--- Task directions ---
Of all the entries below, only the lines from the one with "Mülteci fonlarını kesmek" up to and including the one with "정교한 꽃 귀걸이 수제" are to be duplicated exactly.

Top of Exercise material

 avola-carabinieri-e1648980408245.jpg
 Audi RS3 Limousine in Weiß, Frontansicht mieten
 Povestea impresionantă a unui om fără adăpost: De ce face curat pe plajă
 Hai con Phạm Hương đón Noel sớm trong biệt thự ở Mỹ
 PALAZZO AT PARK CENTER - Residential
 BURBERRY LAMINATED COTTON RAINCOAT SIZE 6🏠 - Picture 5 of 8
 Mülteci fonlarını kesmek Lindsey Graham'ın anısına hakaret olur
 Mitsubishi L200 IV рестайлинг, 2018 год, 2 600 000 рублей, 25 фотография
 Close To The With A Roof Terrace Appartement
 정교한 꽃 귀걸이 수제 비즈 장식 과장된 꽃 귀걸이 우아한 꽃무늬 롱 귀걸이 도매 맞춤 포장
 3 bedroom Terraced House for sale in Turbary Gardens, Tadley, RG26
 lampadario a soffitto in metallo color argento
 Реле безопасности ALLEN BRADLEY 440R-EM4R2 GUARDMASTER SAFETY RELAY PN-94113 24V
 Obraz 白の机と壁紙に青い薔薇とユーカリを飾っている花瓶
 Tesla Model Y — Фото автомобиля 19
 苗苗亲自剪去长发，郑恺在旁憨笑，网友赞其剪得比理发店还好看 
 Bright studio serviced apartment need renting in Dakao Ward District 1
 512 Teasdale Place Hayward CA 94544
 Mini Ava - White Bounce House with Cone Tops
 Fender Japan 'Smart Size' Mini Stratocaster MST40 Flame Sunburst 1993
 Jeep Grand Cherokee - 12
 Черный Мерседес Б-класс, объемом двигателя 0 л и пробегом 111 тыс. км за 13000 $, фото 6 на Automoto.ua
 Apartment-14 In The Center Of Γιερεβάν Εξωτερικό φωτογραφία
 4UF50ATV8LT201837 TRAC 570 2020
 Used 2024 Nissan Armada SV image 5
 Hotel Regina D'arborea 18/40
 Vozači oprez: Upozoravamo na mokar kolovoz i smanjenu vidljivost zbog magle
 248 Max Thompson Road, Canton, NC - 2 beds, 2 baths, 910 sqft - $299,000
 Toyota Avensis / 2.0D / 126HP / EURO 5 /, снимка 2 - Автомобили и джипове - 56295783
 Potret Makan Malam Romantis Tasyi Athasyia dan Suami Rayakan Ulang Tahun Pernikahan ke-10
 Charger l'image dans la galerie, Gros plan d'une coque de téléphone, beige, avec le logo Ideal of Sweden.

Bottom of Exercise material

--- Written answer ---
 Mülteci fonlarını kesmek Lindsey Graham'ın anısına hakaret olur
 Mitsubishi L200 IV рестайлинг, 2018 год, 2 600 000 рублей, 25 фотография
 Close To The With A Roof Terrace Appartement
 정교한 꽃 귀걸이 수제 비즈 장식 과장된 꽃 귀걸이 우아한 꽃무늬 롱 귀걸이 도매 맞춤 포장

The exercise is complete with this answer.